Further, one should ask what the alternative to using legislative history is. For Justice Scalia, the answer is "not using it." And here, it may be useful to analogize to another adage: It's easy to lie with statistics, but it's easier to lie without them. So too with legislative history. When the statutory text is unclear, a judge who does not look to external sources, such as legislative history, will surely be relying on her own subjective understanding of the naked language of the statute. In contrast, while a judge who looks to legislative history may do so self-servingly, there is at least a possibility that she will do so in an honest effort to figure out what Congress was attempting to accomplish.
The Ideological Stakes in the Battle Over Legislative History
Still, the lay reader may puzzle over the fact that the debate about the relevance of legislative history appears to break down along ideological lines. Why are conservative Justices so much more hostile to legislative history than liberal Justices are? After all, none of the arguments I have described in support of or opposition to judicial use of legislative history is inherently liberal or conservative.
The answer, I believe, rests on different attitudes towards legislation. Modern conservatives tend to be skeptical of regulation. Many conservative scholars and judges—and especially self-identified textualists—subscribe to public-choice theory, which teaches that Congress is nothing more than a forum in which interest groups fight over benefits. Public-choice-influenced judges like Seventh Circuit Judge Frank Easterbrook thus argue that a statute is nothing more nor less than a "deal" or "bargain" among interest groups. Courts, in this view, must enforce the deal's terms—its text—but should not go rummaging around for any supposedly public-regarding purpose.

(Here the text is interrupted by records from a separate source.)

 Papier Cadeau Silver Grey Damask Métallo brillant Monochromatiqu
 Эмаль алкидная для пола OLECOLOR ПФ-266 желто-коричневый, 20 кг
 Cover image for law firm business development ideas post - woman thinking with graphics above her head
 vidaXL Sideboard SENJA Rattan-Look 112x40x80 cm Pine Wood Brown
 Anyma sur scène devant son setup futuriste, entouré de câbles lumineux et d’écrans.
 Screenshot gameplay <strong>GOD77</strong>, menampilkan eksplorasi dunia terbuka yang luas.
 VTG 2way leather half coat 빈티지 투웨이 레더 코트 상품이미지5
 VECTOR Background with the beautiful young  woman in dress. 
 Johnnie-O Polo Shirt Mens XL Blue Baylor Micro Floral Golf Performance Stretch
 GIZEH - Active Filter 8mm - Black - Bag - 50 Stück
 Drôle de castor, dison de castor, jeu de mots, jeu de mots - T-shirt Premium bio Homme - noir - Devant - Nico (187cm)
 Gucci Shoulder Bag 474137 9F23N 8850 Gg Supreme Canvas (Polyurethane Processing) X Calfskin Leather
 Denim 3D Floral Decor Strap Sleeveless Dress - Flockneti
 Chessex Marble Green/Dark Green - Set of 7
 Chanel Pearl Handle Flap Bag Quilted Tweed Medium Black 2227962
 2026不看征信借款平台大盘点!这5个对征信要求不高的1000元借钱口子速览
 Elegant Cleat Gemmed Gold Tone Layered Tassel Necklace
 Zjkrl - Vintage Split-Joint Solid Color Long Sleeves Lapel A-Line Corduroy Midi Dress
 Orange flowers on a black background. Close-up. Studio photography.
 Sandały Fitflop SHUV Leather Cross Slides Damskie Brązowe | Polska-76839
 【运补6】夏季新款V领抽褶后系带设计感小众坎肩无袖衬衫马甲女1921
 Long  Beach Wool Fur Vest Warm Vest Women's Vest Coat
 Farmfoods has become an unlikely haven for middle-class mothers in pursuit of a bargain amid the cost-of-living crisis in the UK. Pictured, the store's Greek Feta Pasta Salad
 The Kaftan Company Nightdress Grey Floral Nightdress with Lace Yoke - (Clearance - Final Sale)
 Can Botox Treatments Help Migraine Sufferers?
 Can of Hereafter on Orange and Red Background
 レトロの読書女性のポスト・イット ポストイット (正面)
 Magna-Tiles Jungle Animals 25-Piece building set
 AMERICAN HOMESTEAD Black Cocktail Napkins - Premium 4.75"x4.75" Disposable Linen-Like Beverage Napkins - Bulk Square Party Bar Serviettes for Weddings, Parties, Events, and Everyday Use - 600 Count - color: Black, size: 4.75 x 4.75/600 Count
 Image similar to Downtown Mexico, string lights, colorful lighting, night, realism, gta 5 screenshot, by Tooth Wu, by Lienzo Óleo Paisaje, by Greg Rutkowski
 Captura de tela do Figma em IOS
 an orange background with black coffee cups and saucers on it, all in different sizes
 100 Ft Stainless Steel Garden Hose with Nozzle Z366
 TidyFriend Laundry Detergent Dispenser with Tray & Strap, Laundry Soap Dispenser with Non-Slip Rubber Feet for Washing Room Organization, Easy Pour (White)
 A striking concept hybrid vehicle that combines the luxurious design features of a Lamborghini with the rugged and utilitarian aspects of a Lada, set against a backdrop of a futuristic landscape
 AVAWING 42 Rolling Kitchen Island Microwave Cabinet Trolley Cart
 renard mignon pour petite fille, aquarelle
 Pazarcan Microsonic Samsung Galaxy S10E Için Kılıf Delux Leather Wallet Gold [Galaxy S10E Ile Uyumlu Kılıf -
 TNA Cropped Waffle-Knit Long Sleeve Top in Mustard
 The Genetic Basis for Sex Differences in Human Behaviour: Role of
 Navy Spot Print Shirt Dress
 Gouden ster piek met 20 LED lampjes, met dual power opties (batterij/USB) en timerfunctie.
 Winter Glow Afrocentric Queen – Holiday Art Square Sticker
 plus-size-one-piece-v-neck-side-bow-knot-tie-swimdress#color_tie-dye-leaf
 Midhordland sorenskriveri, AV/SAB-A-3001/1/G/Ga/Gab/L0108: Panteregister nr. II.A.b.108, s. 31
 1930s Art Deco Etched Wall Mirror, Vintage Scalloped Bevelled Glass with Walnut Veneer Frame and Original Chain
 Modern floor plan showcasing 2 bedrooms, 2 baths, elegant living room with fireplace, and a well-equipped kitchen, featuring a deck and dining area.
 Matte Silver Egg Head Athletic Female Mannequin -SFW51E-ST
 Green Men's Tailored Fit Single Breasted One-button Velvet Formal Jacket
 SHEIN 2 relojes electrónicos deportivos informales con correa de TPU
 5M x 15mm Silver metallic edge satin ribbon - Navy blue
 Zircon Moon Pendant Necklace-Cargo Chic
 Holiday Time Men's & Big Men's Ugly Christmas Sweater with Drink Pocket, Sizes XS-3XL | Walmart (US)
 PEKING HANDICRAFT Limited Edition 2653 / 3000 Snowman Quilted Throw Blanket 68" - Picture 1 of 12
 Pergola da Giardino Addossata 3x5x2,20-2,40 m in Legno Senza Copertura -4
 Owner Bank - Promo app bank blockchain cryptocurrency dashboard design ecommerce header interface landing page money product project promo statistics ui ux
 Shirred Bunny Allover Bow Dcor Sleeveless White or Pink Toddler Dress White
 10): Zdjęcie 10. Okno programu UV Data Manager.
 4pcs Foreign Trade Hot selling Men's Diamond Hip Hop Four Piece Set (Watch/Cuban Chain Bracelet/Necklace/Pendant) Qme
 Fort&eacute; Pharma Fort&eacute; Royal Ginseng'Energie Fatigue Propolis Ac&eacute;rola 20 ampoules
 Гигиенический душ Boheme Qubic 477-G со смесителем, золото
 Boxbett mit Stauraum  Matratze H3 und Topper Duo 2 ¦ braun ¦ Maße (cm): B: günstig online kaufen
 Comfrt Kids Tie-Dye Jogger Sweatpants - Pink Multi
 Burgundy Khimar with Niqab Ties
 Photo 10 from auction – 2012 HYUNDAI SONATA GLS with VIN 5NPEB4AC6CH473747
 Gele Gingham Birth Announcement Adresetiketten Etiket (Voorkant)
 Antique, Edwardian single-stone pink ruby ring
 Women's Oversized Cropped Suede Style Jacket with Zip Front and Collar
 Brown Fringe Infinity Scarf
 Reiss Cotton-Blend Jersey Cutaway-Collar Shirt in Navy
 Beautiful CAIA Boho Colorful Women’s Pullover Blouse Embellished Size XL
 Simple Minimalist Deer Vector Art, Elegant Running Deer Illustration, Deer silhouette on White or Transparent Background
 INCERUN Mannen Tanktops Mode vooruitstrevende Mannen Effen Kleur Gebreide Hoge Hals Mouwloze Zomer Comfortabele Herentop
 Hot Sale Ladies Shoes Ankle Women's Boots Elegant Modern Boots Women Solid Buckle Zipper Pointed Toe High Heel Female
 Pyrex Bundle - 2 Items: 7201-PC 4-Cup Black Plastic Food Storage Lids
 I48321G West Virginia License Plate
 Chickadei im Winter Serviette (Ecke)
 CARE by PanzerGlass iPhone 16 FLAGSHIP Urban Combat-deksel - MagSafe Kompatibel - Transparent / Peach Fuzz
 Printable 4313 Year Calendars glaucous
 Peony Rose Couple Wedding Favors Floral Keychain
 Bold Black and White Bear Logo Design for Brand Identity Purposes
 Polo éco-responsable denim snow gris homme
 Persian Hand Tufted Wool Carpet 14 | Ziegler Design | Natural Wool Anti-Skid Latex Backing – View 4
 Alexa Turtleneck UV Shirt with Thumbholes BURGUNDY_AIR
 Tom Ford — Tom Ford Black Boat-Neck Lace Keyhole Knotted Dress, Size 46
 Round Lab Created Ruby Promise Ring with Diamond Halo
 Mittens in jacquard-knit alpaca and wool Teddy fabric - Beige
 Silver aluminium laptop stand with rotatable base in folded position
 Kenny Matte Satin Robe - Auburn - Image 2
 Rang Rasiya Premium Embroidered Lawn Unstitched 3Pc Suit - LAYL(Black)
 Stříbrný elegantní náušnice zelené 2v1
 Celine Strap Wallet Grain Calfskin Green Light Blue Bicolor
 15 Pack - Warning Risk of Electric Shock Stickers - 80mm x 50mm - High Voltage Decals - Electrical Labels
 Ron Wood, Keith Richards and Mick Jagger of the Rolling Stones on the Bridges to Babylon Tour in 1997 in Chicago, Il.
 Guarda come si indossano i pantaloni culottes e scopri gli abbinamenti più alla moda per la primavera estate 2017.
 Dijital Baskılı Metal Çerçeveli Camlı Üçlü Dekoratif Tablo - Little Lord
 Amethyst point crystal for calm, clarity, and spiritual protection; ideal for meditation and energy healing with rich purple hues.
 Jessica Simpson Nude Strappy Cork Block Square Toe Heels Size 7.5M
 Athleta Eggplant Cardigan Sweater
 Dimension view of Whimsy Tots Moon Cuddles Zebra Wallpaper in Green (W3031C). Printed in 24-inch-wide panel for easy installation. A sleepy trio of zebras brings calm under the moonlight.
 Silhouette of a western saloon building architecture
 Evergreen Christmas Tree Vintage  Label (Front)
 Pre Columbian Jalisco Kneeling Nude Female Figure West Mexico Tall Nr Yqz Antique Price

Liberals, by contrast, typically view legislation more generously. Although, of course, liberals are not unaware of the power that lobbyists and interest groups wield in Congress, they nonetheless think that Congress does more than distribute goodies to favored constituents. Or at least, liberal judges say, Acts of Congress should be construed as though they pursue a public purpose.
If a judge begins, as many conservative judges do, with the presumption that legislation is likely to be a meddlesome interference with the market, then it is sensible for the judge to treat legislation as a deal. Because Congress's purpose is either nonexistent or nefarious, a conservative judge will not want to pursue that purpose beyond what the text clearly requires. He will, in other words, be attracted to textualism.
Liberal judges view regulation more sympathetically. They regard themselves as in partnership with Congress and thus, where statutory language is unclear, they will ask how they can best assist in carrying out the purposes of the legislation they must construe.
None of this is to say that textualism always leads to conservative results, or that purposivism always leads to liberal results. On the contrary, as jurisprudential rather than strictly political philosophies, these approaches sometimes lead judges applying them honestly to endorse results they oppose on policy grounds. Nonetheless, the choice to adopt one jurisprudential approach or another is made with awareness of where it usually leads. If the battle over legislative history seems beside the point in a case like Samantar, the stakes in other cases are real, and potentially high.